First of all, universal education was invented by the Catholic Church. The Church also invented the university. Before that, education was the preserve of the very few. But during the period from 1200 to 1500, the universities educated hundreds of thousands of students from all walks of life and from all over Europe. That universalizing of education on the upper level was the blueprint and inspiration for the universalizing of education reaching down to the pre-collegiate levels.
Catholics have a right to defend what they’ve invented.
He then demonstrates that Catholic education does in fact encourage division and discourage cooperation.
Just suppose, for example, that a secular state wants to affirm abortion and ‘gay marriage’ as both legal and moral and uses its public secular schools to teach kids accordingly. Then Catholic schools could act as independent moral institutions.
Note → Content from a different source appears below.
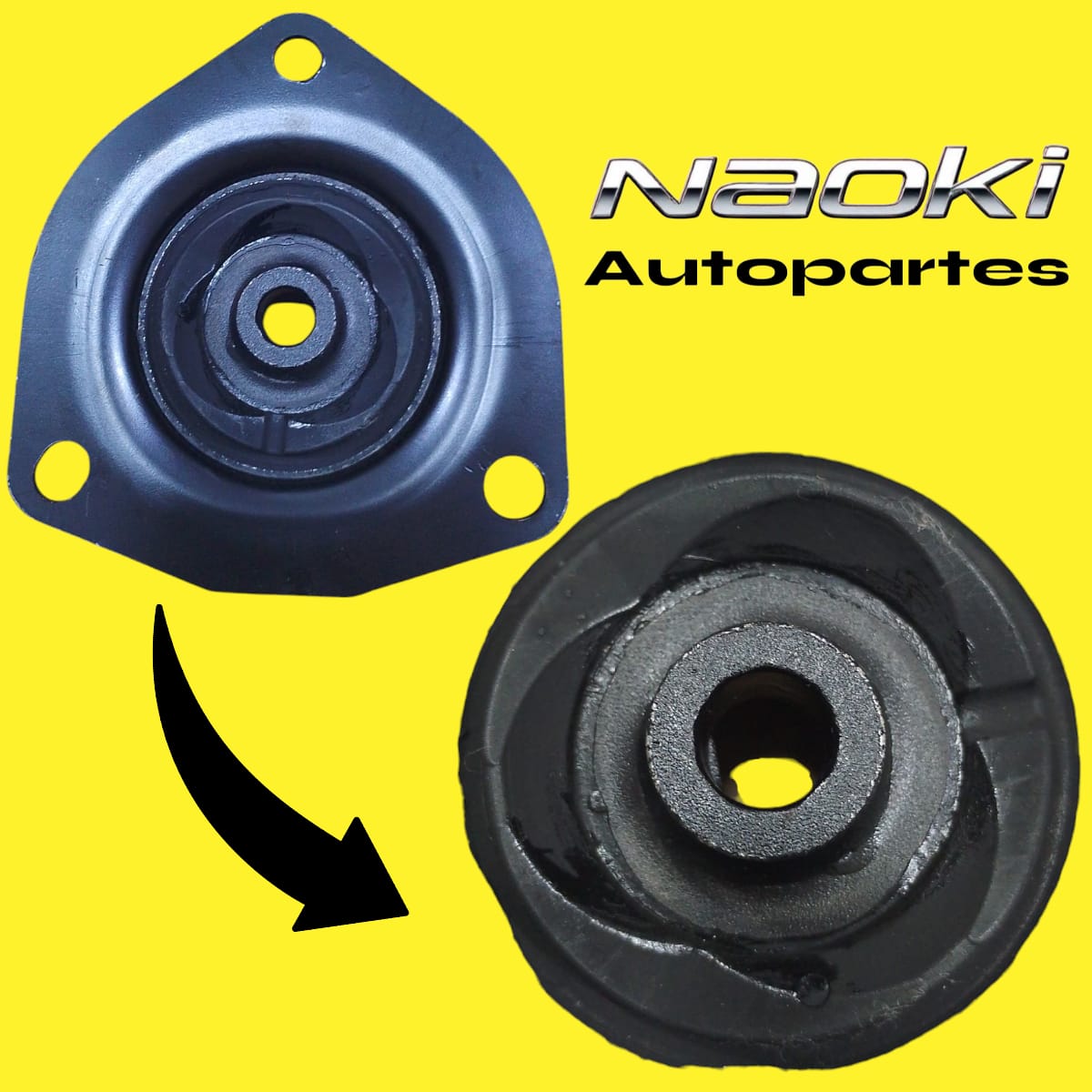 Base Amortiguador Altima 2002 Al 2006 Del Der O Izq 2.5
They could, in fact, contradict the government and teach that abortion is murder and that ‘gay marriage’ is a morally distorted form of the only morally licit form of marriage, marriage between one man and one woman.Catholic schools would then be — in the eyes of the liberal secular state — cells of rebellion, ‘encouraging division and discouraging cooperation’.
If we had only secular schools, schools entirely under the thumb of the government, our children would learn only what that secular government wants them to learn.
The right-wing Breitbart.com said Obama’s remark was a “gaffe”, and bemoaned the fact that it was not reported in the mainstream US media.
While gaffes are usually defined as extemporaneous, off-the-cuff errors or poorly judged statements, Obama’s remarks were planned in advance. The ‘gaffe’ in Obama’s Belfast remarks lies in the fact that Obama did not consider the sensitivities of his audience – or that he inadvertently revealed his own anti-religious prejudice.
To travel to a city troubled by conflict, and to then insult the members of at least one of the two communities, is not only a gaffe, but a serious diplomatic error.
Unless, of course, the speaker is President Barack Obama.